> **WHAT YOU WILL DO**
Leave the pictures aside and copy all the data exactly.

> **INFORMATION SUPPLIED**
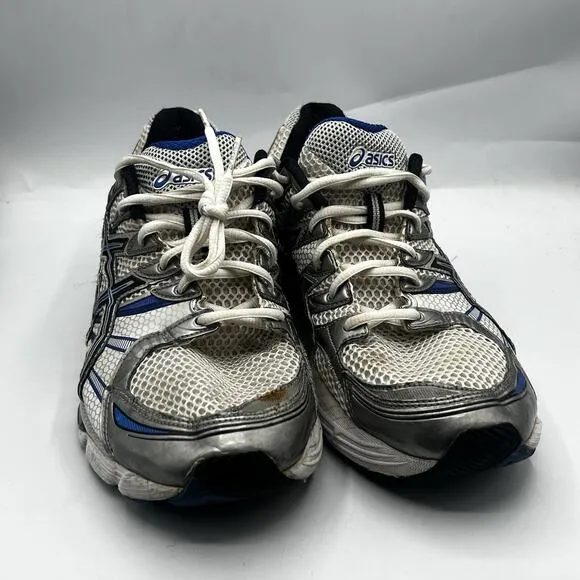 Asics Gel-Nimbus 12 Mens Size 9W Silver/Blue/White Running Shoes Sneakers T046N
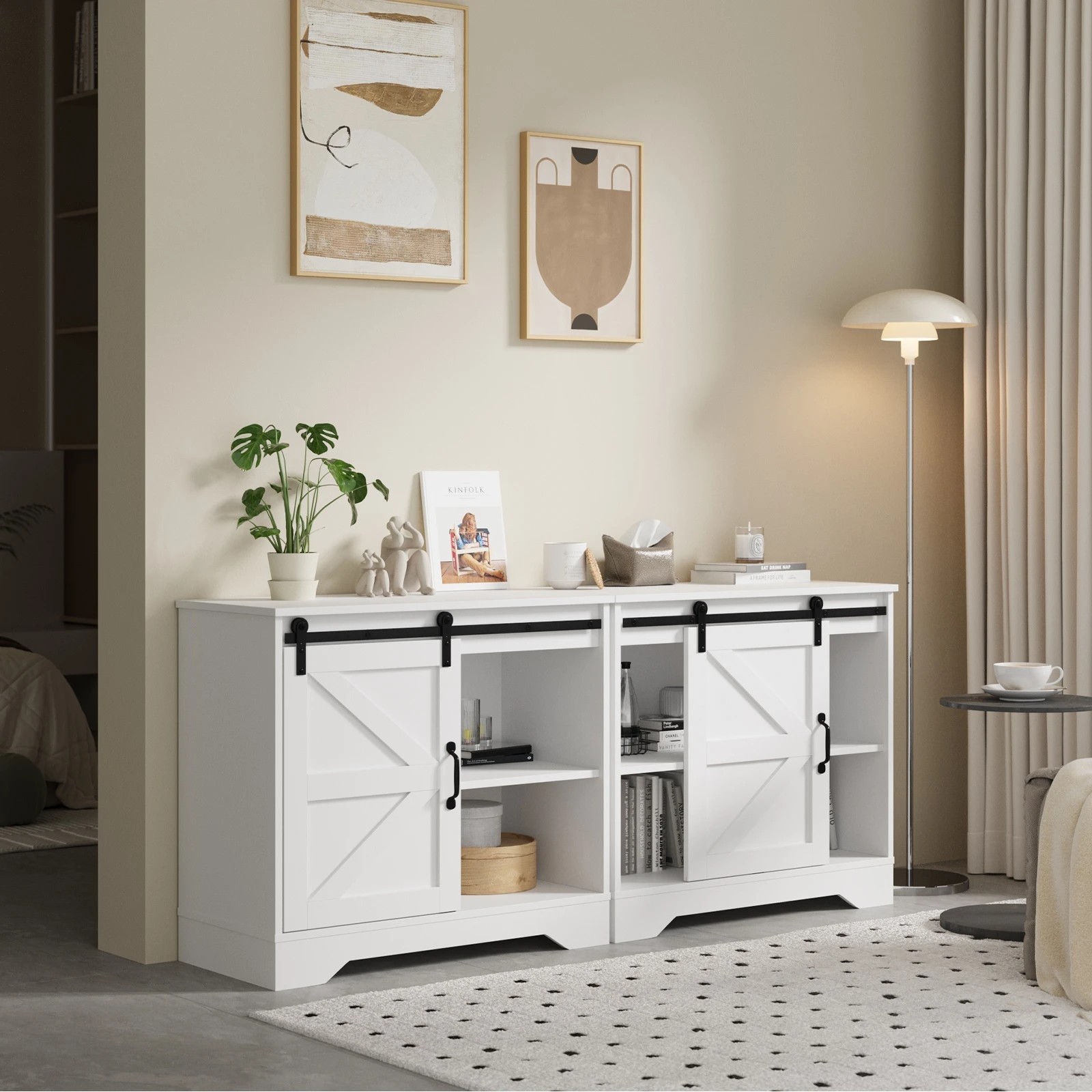 4 Oikiture 2x Buffet Sideboard Storage Cabinet Sliding Door - White, 4 of 9
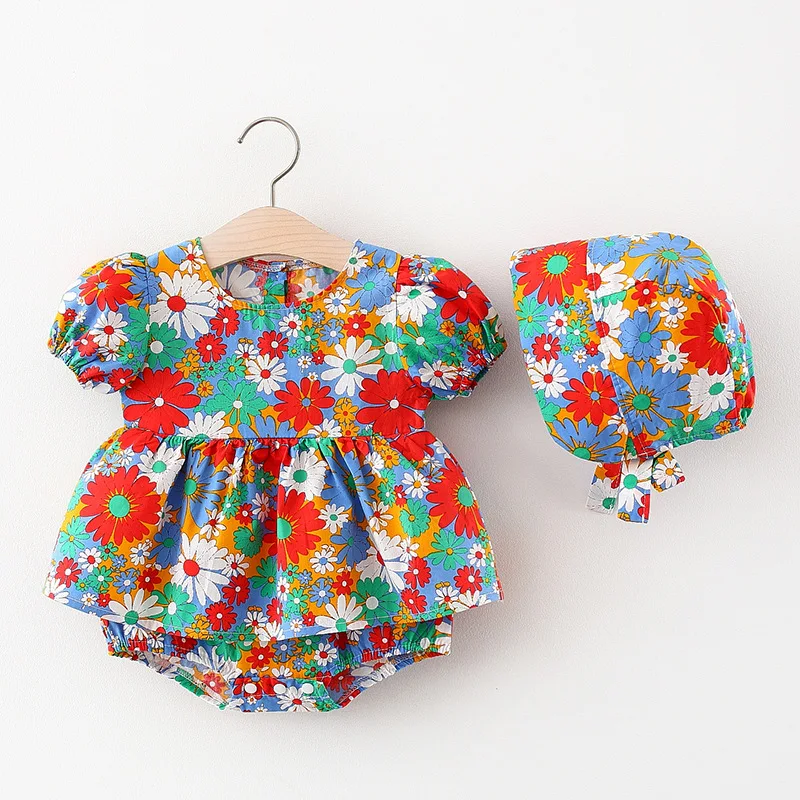 

Summer Toddler Newborn Infant Baby Girls Dresses Clothes Cute Puff Sleeve Flower Print Romper Hat Cap Outfits Baby's Clothing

> **SOLUTION FOR THIS PROBLEM**
 Asics Gel-Nimbus 12 Mens Size 9W Silver/Blue/White Running Shoes Sneakers T046N
 4 Oikiture 2x Buffet Sideboard Storage Cabinet Sliding Door - White, 4 of 9

Summer Toddler Newborn Infant Baby Girls Dresses Clothes Cute Puff Sleeve Flower Print Romper Hat Cap Outfits Baby's Clothing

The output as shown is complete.